### Problem
Omitting all images, set down every line below exactly as it appears.

——

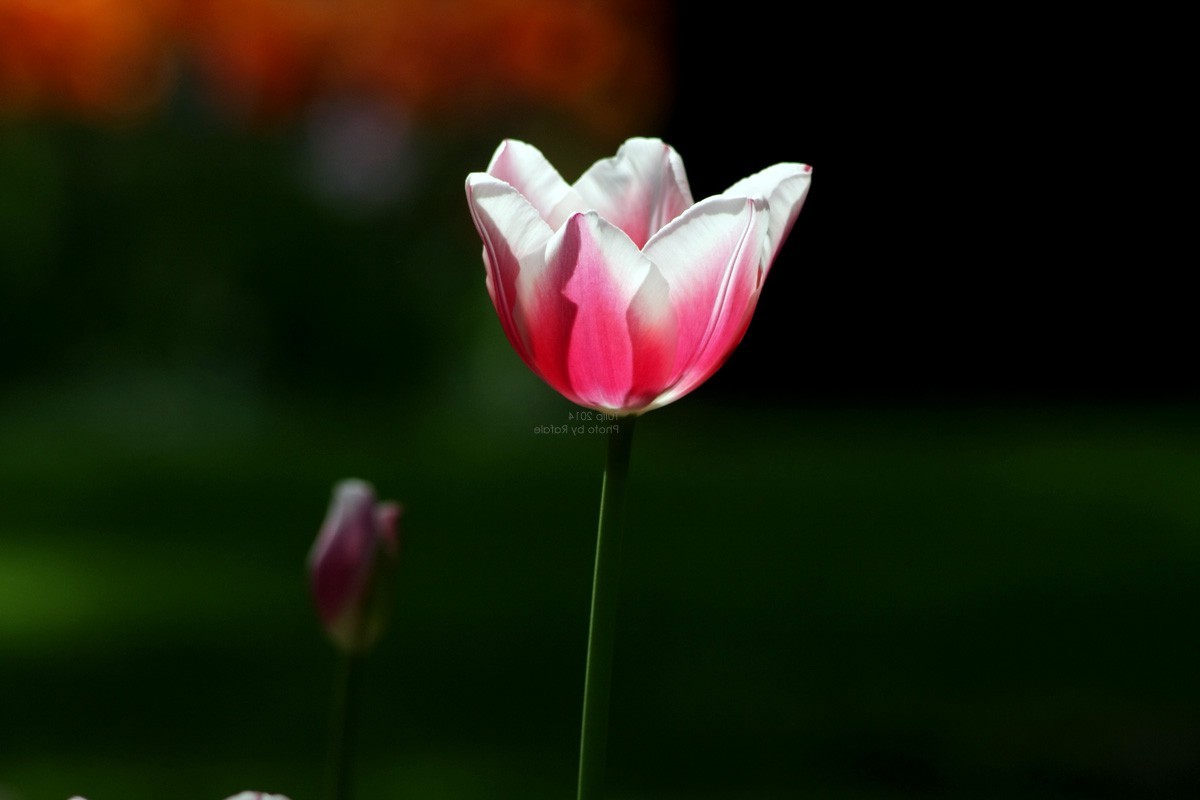 tulips, Flowers, Nature Wallpaper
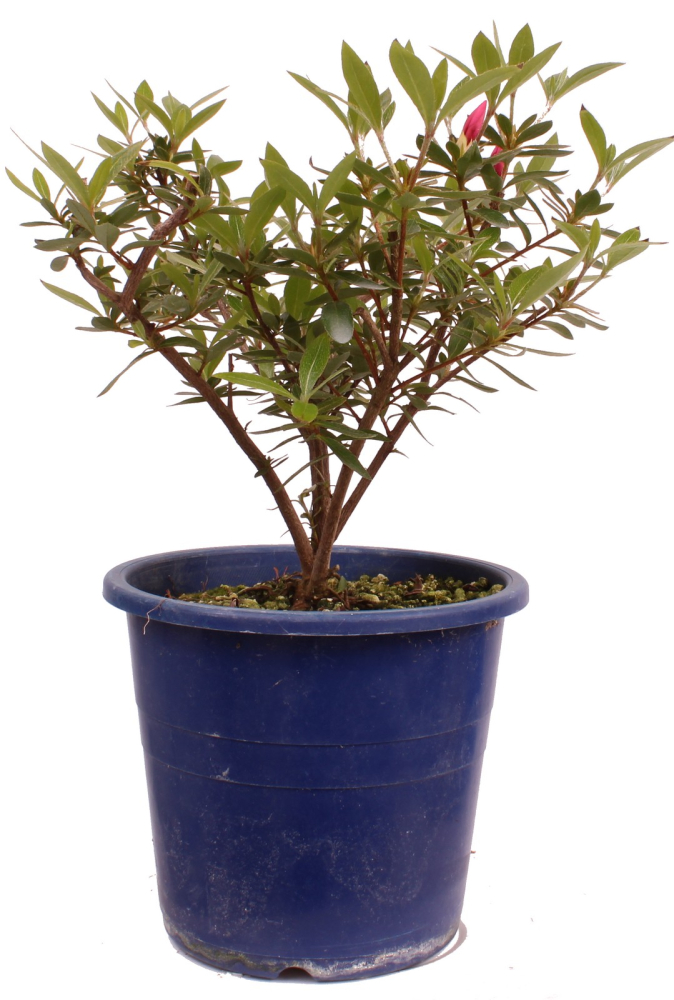 Preview: Bonsai Japanische Satsuki Azalee 'Osakazuki'' Rhododendron indicum 227/21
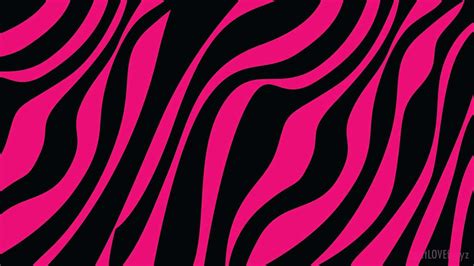 pink zebra wallpaper pictures myweb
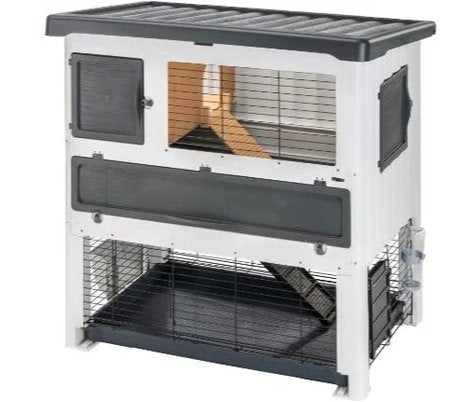 konijnhok + 2 konijnen, Dieren en Toebehoren, Konijnen, Vrouwelijk, Groot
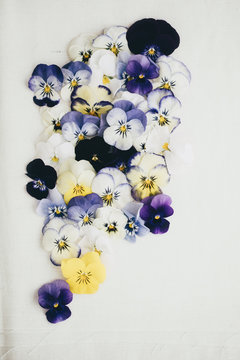 Composition of different kinds of pansies all together on cotton background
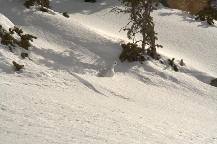 img_10275.jpg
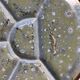 Set of 6 ceramic plates compartmentalized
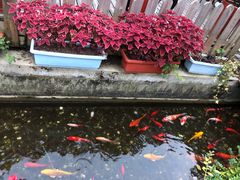 -老洋房花园饭店(绍兴路店)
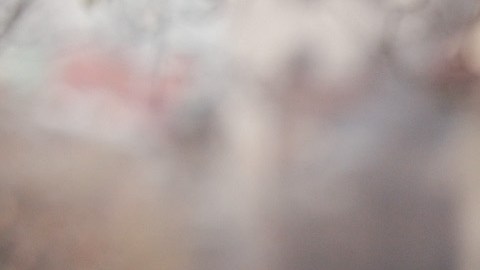 Pruebas gratuitas de Covid-19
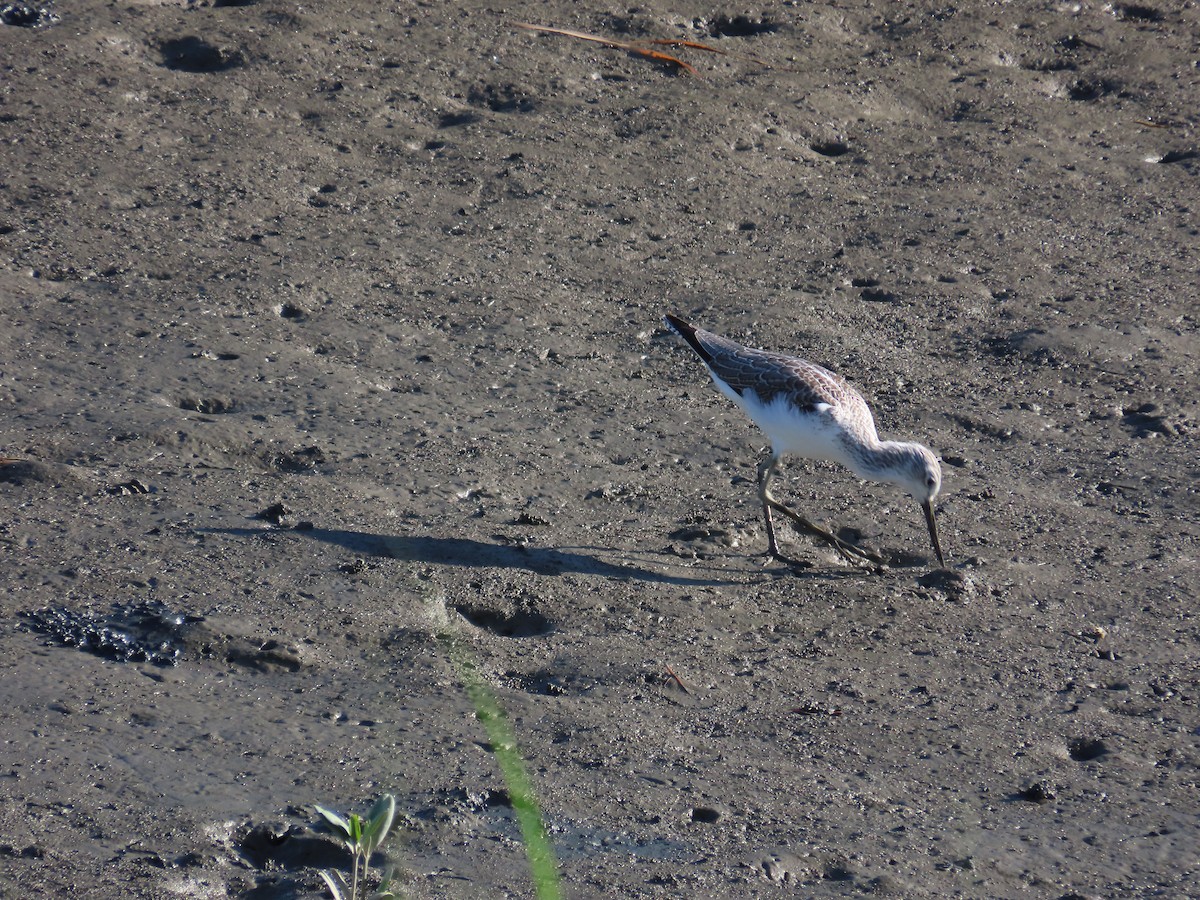 Common Greenshank - ML643813798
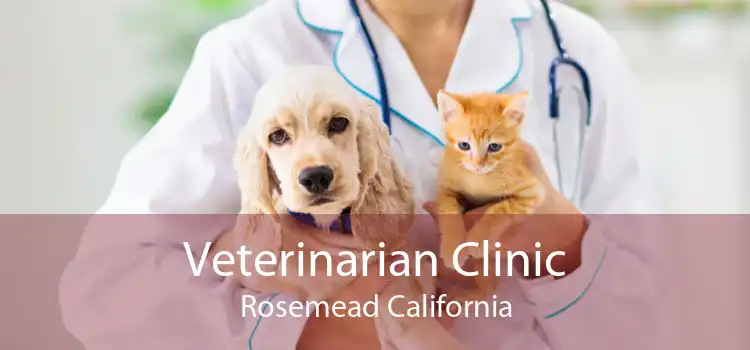 Veterinarian Clinic Rosemead California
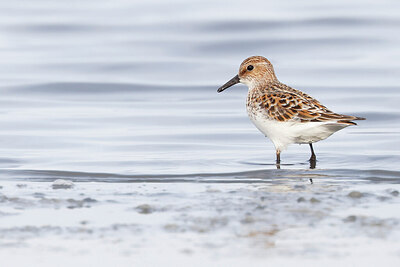 BUITEN BEELD Foto: 450864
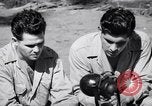 Image of Former American prisoners of Japanese interviewed Morotai Island, 1945, second 43 stock footage video 65675037627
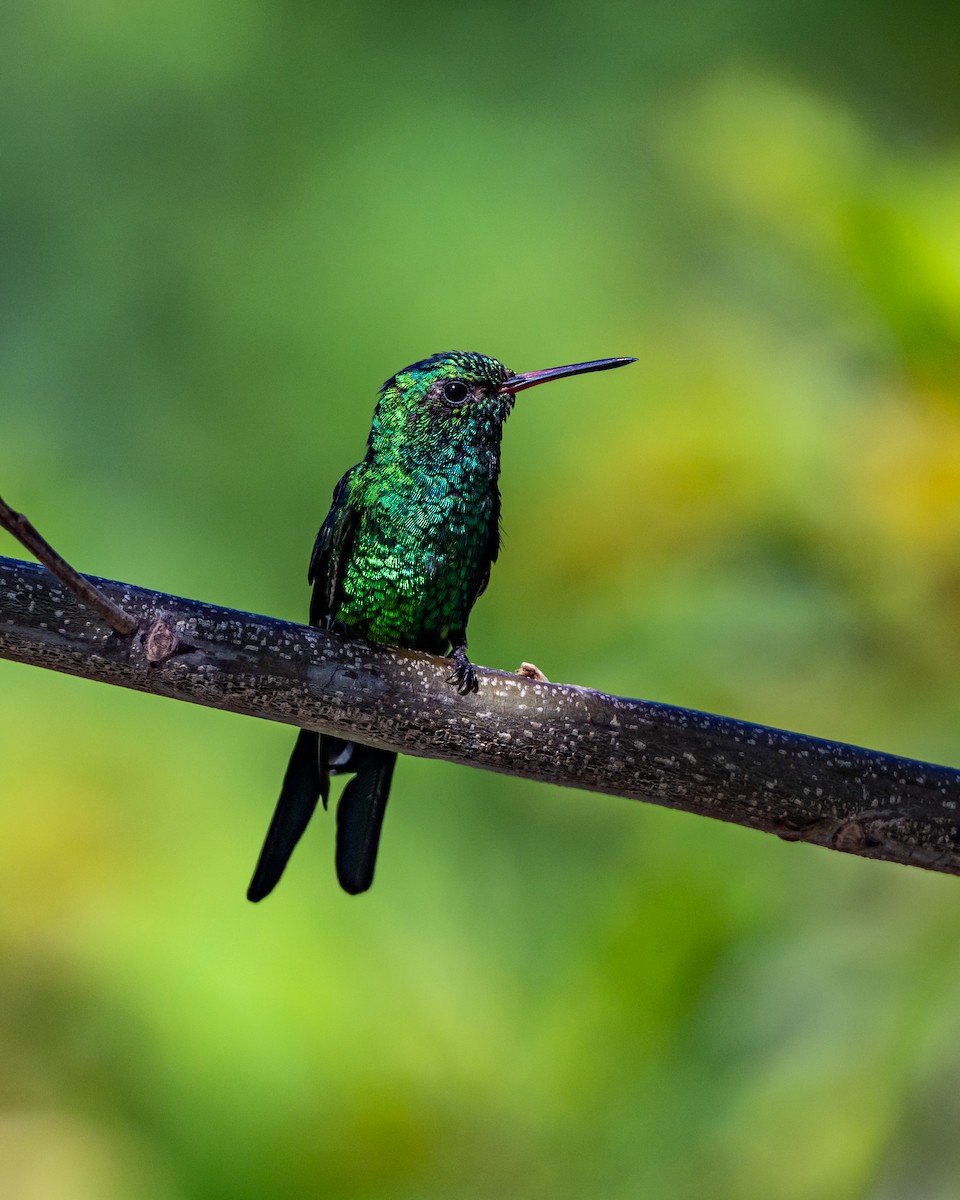 Kozumel Zümrütü - ML645534199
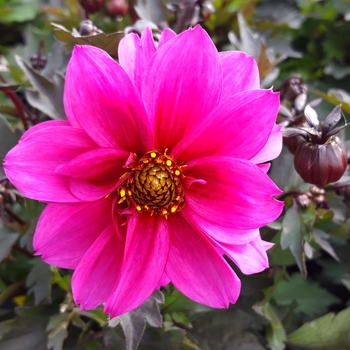 Dahlia Dreamy® 'Kiss'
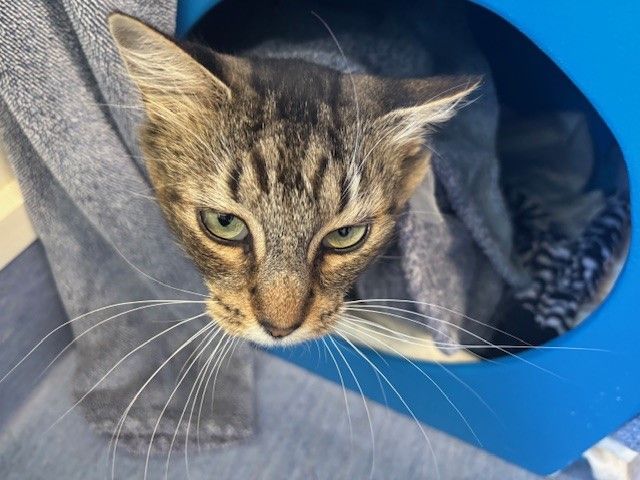 Gallery image: Tessa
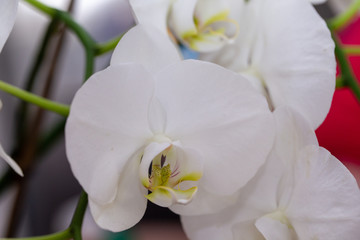 blooming white orchid in the room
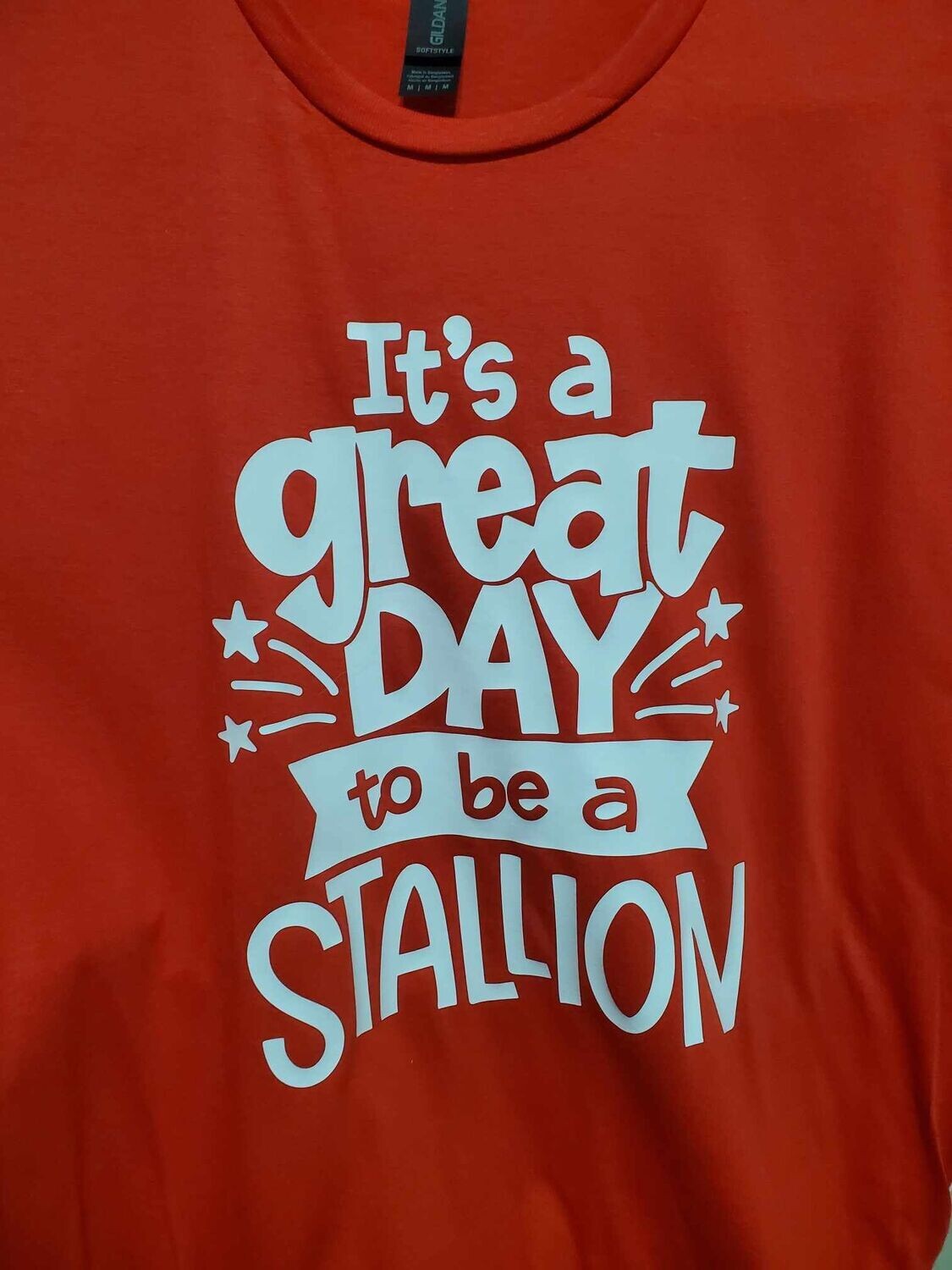 Its a great day to be a Stallion T shirt Its a great day to be a Stallion T shirt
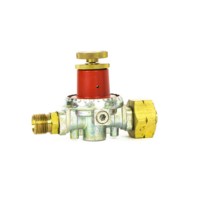 Propane Gas Regulator 0 - 4 Bar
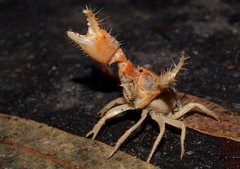 Engaeus hemicirratulus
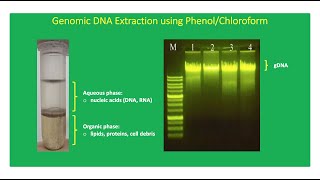 Conventional DNA Extraction Using PhenolChloroform LiquidLiquid Extraction Method 👨🏻‍🔬🧬 [upl. by Hannaj]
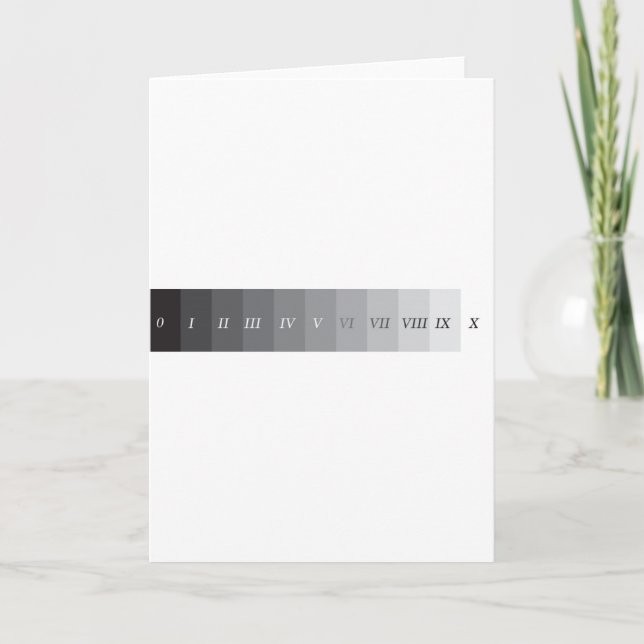 Zone System Card (Front)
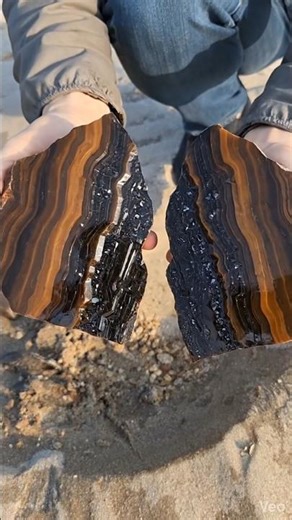 Wow, a beautiful, extremely rare wooden fossil worth $9999 was found in a river. #Agate #Diamond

——

### Written solution
 tulips, Flowers, Nature Wallpaper
 Preview: Bonsai Japanische Satsuki Azalee 'Osakazuki'' Rhododendron indicum 227/21
 pink zebra wallpaper pictures myweb
 konijnhok + 2 konijnen, Dieren en Toebehoren, Konijnen, Vrouwelijk, Groot
 Composition of different kinds of pansies all together on cotton background
 img_10275.jpg
 Set of 6 ceramic plates compartmentalized
 -老洋房花园饭店(绍兴路店)
 Pruebas gratuitas de Covid-19
 Common Greenshank - ML643813798
 Veterinarian Clinic Rosemead California
 BUITEN BEELD Foto: 450864
 Image of Former American prisoners of Japanese interviewed Morotai Island, 1945, second 43 stock footage video 65675037627
 Kozumel Zümrütü - ML645534199
 Dahlia Dreamy® 'Kiss'
 Gallery image: Tessa
 blooming white orchid in the room
 Its a great day to be a Stallion T shirt Its a great day to be a Stallion T shirt
 Propane Gas Regulator 0 - 4 Bar
 Engaeus hemicirratulus
 Conventional DNA Extraction Using PhenolChloroform LiquidLiquid Extraction Method 👨🏻‍🔬🧬 [upl. by Hannaj]
 Zone System Card (Front)
 Wow, a beautiful, extremely rare wooden fossil worth $9999 was found in a river. #Agate #Diamond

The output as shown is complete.